È necessario partire dalle disposizioni che regolano – si badi bene tutt’ora – la disciplina anagrafica nonostante il decreto c.d. Renzi-Lupi.
Le norme sono principalmente due: la Legge 1228 del 1954 e il D.P.R. n. 223/89 che ne è intervenuto in modifica.
L’art. 1 del D.P.R. n. 223/89 ci dice che nell’anagrafe “sono registrate le posizioni relative alle persone e alle famiglie che hanno fissato nel comune la residenza”.
Da allora si sono succedute numerose circolari del Ministero dell’Interno che confermano quanto su scritto, in conformità con l’art. 43 del c.c., il quale ribadisce che la residenza è uno stato di fatto.
Uno stato di fatto cui corrisponde un obbligo per ciascuno di richiedere l’iscrizione anagrafica.
Da quanto detto emergono due punti fermi:
1) l’anagrafe è un registro dove vengono raccolte le dichiarazioni di residenza;
2) la dichiarazione di residenza è una semplice doverosa denuncia di una situazione di fatto.
In questo quadro si è prima inserita la Legge n. 35 del 2012 (della quale si attende ancora il regolamento di attuazione), la quale ha introdotto la nuova fattispecie della “irricevibilità” della dichiarazione anagrafica, che si ha quando la dichiarazione stessa manca di uno dei dati contrassegnati con asterisco.

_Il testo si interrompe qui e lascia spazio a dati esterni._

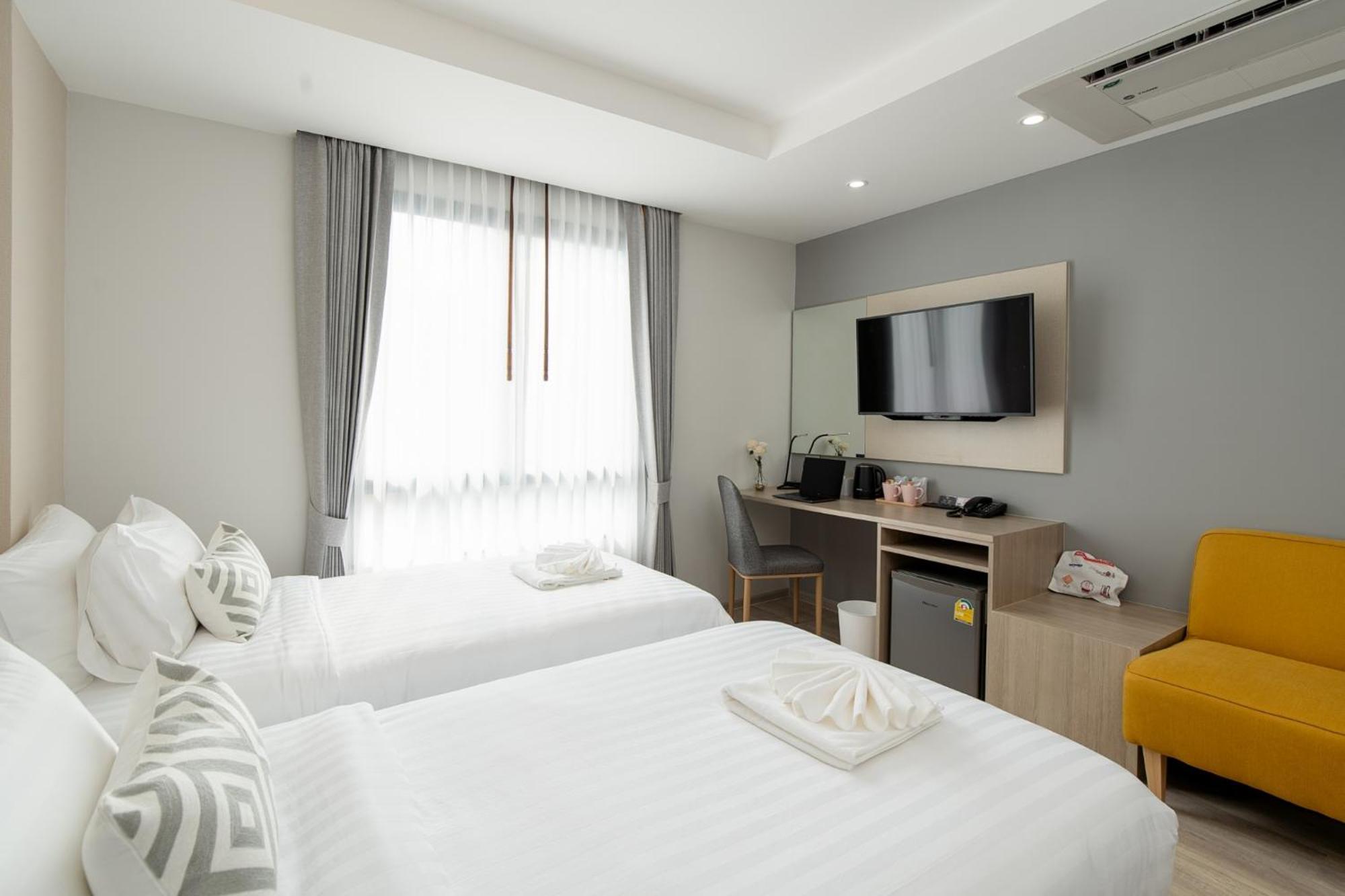 The Riski Hotel At Bangphlat Station Sha Bangkok Zewnętrze zdjęcie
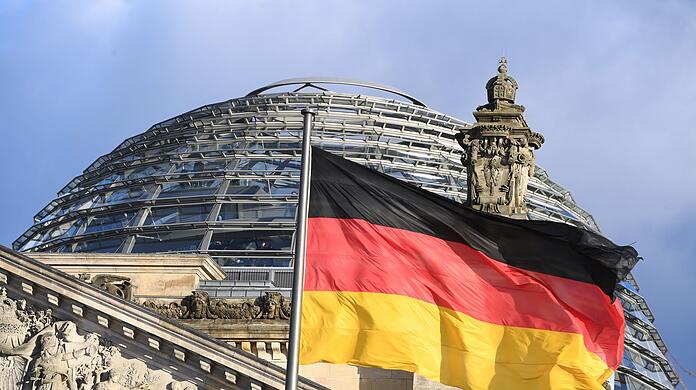 Kaum vorstellbare Summen: Im Bundestag geht es um dreistellige Milliardenbeträge für Verteidigung, Infrastruktur, Klimaschutz. (Achivfoto)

Successivamente è stata introdotta la Legge 80/2014 di conversione del decreto-legge 28 marzo 2014, n. 47 (c.d. decreto Renzi-Lupi) che ha trasformato la residenza da situazione di fatto a fattispecie giuridica della quale fare richiesta alle autorità.
Questa premessa è necessaria per motivare la forte perplessità alla richiesta di applicazione del comma 1 quater dell’art. 5 della suddetta legge.

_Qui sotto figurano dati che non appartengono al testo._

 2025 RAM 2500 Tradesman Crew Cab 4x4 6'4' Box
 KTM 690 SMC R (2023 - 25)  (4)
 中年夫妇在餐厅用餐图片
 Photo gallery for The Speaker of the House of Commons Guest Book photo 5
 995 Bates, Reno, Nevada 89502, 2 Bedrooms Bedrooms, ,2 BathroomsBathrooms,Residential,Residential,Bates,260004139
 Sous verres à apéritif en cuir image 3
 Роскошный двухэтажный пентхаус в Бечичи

Al primo punto (neanche a farlo a posta) delle violazioni costituzionali perpetrate dal piano casa Renzi-Lupi c’è proprio il comma 1 quater, in quanto tale disposizione adotta una ferrea disciplina contro i cosiddetti occupanti abusivi di immobile e dall’altro ammette deroghe “per ragioni igieniche” soltanto per persone minorenni o meritevoli di tutela ed anche per i fornitori che succedono ad altri fornitori.
Come se le ragioni igienico sanitarie non esistessero per le persone adulte prive della possibilità di un alloggio e come se l’interesse di un fornitore di servizi avesse una rilevanza costituzionale maggiore delle esigenze igienico sanitarie.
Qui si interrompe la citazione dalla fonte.